"""

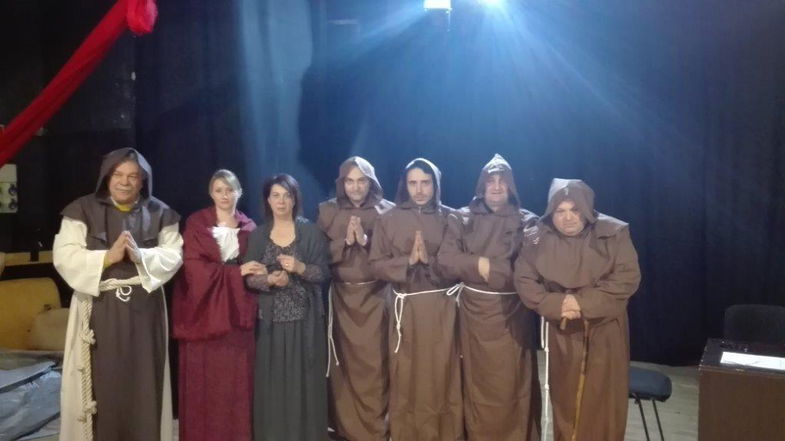Teatro, Rossano:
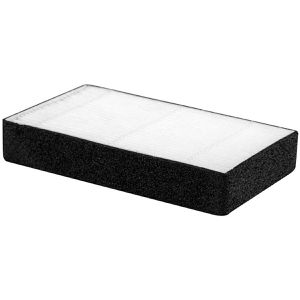 Produktbild für Händetrockner-Ersatzfilter Air-Wolf HEPA-Luftfilter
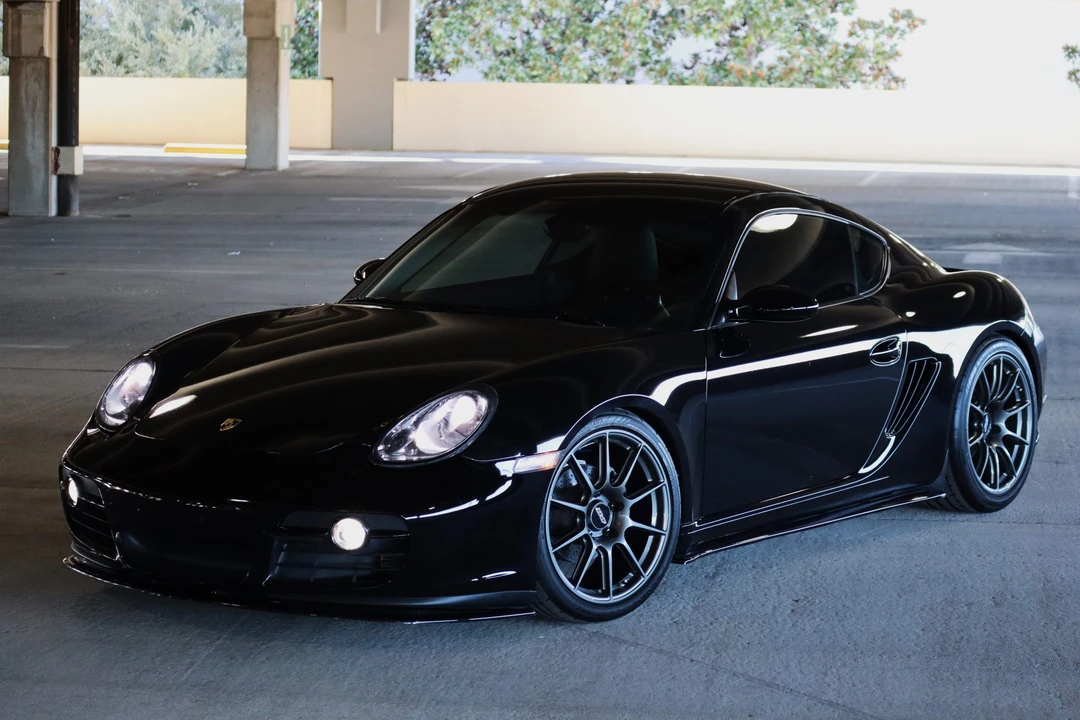 2008 Porsche 987 Cayman - Image 7 of 31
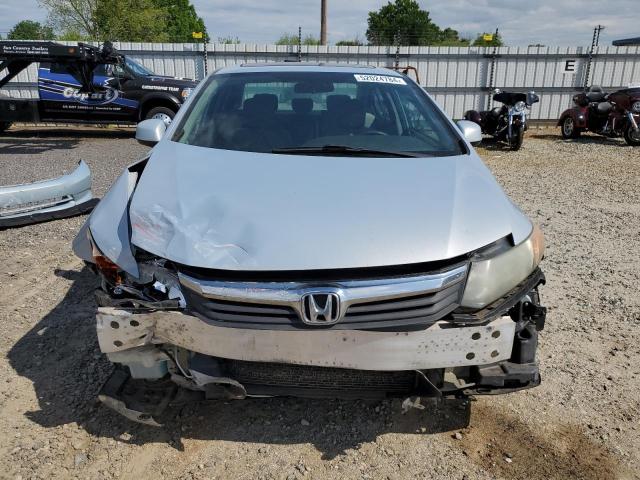 Photo 5 from auction – 2012 HONDA CIVIC EX with VIN 2HGFB2F82CH540559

"""

_WHAT THIS TASK INVOLVES_.
Please write out the material from the line containing "2008 Porsche 987 Cayman - Image 7 of 31" to its final line, both inclusive, exactly as it appears; pictures are not part of the copy.

_RESULT BELOW_.
 2008 Porsche 987 Cayman - Image 7 of 31
 Photo 5 from auction – 2012 HONDA CIVIC EX with VIN 2HGFB2F82CH540559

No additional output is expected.